Musk claims that the price of a ticket must be lowered to the median cost of a family home in America, around $200,000. This would give the project a low enough cost of an entry to truly recruit the number of people required for a full-on colonization effort.
To do this SpaceX needs to figure out a way to reduce the cost of shipping one ton of weight to Mars by five million percent.
So where to cut costs?
1. Refill in Orbit
If the spacecraft did not refill in orbit with strategically positioned tankers, a ship five to ten time the size of the ITS with a three-stage launch would be required.
Also, using the ITS method of launching the spaceship in orbit will lessen the required lift capacity. This will help to lower development costs and reduce the overall timetable to the project's completion.
2. Mars-based propellant
Reusability is a huge key to make this project affordable. Elon Musk plans to be able to reuse whatever equipment is built for multiple purposes.
Musk wants to use the same rocket people used to arrive on Mars to leave it. He also wants to fuel the return trip with fuel made from natural resources native to Mars.
The main fuel resource would be methane, a substance which can be synthesized on Mars using its subsurface ice and the abundance of carbon dioxide in its atmosphere.
SpaceX would eventually want to establish a methane farm on Mars that would make the production of the fuel for the return journey to Earth readily available.
Also, the reduced amount of gravity a ship launch from Mars would mean the ship would not need a booster like the ITS to leave its atmosphere.
The first mission to Mars by SpaceX would carry with it a small propellant plant that would be used for the return trip. Eventually, these plants will expand in size and scope.
3. Private and Public Funding
Musk has maintained that SpaceX will not be able to fund this project alone. SpaceX has already relied on a number of partnerships, most notably NASA, to fund many of its previous endeavors and will likely seek more in order to fund this new one.
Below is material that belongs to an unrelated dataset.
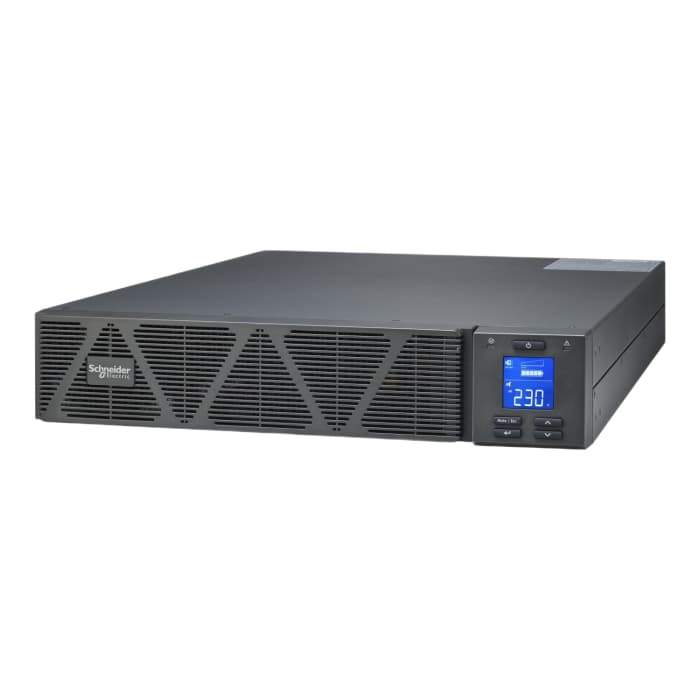 APC Easy UPS SRVS 230V Input Uninterruptible power supply, 3000 VA, Easy UPS 2.4 kW Rack 7 Outlets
SpaceX has also ventured into other markets in order to raise its profits as a company. Recently SpaceX announced its plan to launch 4,425 satellites into orbit with the ultimate goal of beaming broadband internet to billions of users across the globe.
This is a risky endeavor given the barrier of entry to the satellite broadband market. However, the gamble could pay huge dividends if the company is successful.
SpaceX is already a pioneer in the reusable rocket market and they are currently positioned as the lowest-cost launch operator in the industry, which gives them a great advantage.
The Next Step
The next step in this long process will happen in 2018 when SpaceX plans to send one of its unmanned capsules, the Red Dragon, to Mars in order to test some of the company's technology on Mars itself.
Most significantly, SpaceX will test supersonic retropropulsion as a viable method to land a spacecraft moving at high velocity onto the planet.
From there the company plans to continue its testing until 2023, when, according to Musk, Mars flights will potentially begin in earnest.
It's safe to say that, if nothing else, the dream of populating the red planet is still a long way off. But we're closer than we have ever been before.
The benefits of space travel are innumerable. Many see space as the next frontier for our collective species to conquer. Others see it as the only real means of expansion and eventual escape from a slowly dying world.
Either way, it's clear our future will be found amongst the countless stars our species has looked at in wonder since the dawn of our age.